• _DATASET EXCERPTS_:
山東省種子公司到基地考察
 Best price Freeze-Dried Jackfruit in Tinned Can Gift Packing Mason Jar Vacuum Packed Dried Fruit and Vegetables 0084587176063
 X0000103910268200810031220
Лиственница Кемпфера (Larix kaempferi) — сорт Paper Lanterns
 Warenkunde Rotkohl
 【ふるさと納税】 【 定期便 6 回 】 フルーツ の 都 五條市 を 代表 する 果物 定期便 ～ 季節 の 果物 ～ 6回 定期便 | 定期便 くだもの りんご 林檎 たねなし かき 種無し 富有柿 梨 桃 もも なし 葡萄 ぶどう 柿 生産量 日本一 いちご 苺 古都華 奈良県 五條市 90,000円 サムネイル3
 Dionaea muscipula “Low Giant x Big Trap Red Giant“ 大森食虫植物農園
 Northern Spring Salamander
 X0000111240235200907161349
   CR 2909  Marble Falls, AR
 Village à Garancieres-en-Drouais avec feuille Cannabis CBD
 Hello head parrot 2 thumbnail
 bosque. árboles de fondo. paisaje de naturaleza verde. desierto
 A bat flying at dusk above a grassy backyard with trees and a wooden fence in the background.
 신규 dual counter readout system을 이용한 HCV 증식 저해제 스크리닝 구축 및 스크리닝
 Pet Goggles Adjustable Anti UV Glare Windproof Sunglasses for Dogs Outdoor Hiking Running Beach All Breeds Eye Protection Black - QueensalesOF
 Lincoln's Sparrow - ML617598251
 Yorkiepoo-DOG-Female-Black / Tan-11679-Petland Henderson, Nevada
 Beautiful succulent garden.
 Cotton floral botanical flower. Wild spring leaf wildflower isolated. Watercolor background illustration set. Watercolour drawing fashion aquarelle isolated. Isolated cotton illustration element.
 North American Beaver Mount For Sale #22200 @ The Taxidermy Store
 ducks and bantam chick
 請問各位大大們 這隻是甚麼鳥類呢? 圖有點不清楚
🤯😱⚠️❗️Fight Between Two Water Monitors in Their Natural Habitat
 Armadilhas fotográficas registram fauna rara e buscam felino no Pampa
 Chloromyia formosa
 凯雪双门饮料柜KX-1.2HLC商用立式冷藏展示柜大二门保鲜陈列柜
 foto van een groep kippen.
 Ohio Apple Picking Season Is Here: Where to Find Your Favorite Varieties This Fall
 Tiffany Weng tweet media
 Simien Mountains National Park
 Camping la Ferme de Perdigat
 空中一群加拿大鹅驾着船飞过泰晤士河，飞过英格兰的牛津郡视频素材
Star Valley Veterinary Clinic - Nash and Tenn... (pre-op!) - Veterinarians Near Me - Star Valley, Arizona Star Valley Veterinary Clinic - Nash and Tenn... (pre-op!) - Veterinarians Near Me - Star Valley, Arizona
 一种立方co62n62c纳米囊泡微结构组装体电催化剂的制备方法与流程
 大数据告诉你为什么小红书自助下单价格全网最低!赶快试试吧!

• _EXERCISE_: Return exactly the lines of the listing that run from the one containing "凯雪双门饮料柜KX-1.2HLC商用立式冷藏展示柜大二门保鲜陈列柜" through the last, and no others.

• _TASK ANSWER_:
 凯雪双门饮料柜KX-1.2HLC商用立式冷藏展示柜大二门保鲜陈列柜
 foto van een groep kippen.
 Ohio Apple Picking Season Is Here: Where to Find Your Favorite Varieties This Fall
 Tiffany Weng tweet media
 Simien Mountains National Park
 Camping la Ferme de Perdigat
 空中一群加拿大鹅驾着船飞过泰晤士河，飞过英格兰的牛津郡视频素材
Star Valley Veterinary Clinic - Nash and Tenn... (pre-op!) - Veterinarians Near Me - Star Valley, Arizona Star Valley Veterinary Clinic - Nash and Tenn... (pre-op!) - Veterinarians Near Me - Star Valley, Arizona
 一种立方co62n62c纳米囊泡微结构组装体电催化剂的制备方法与流程
 大数据告诉你为什么小红书自助下单价格全网最低!赶快试试吧!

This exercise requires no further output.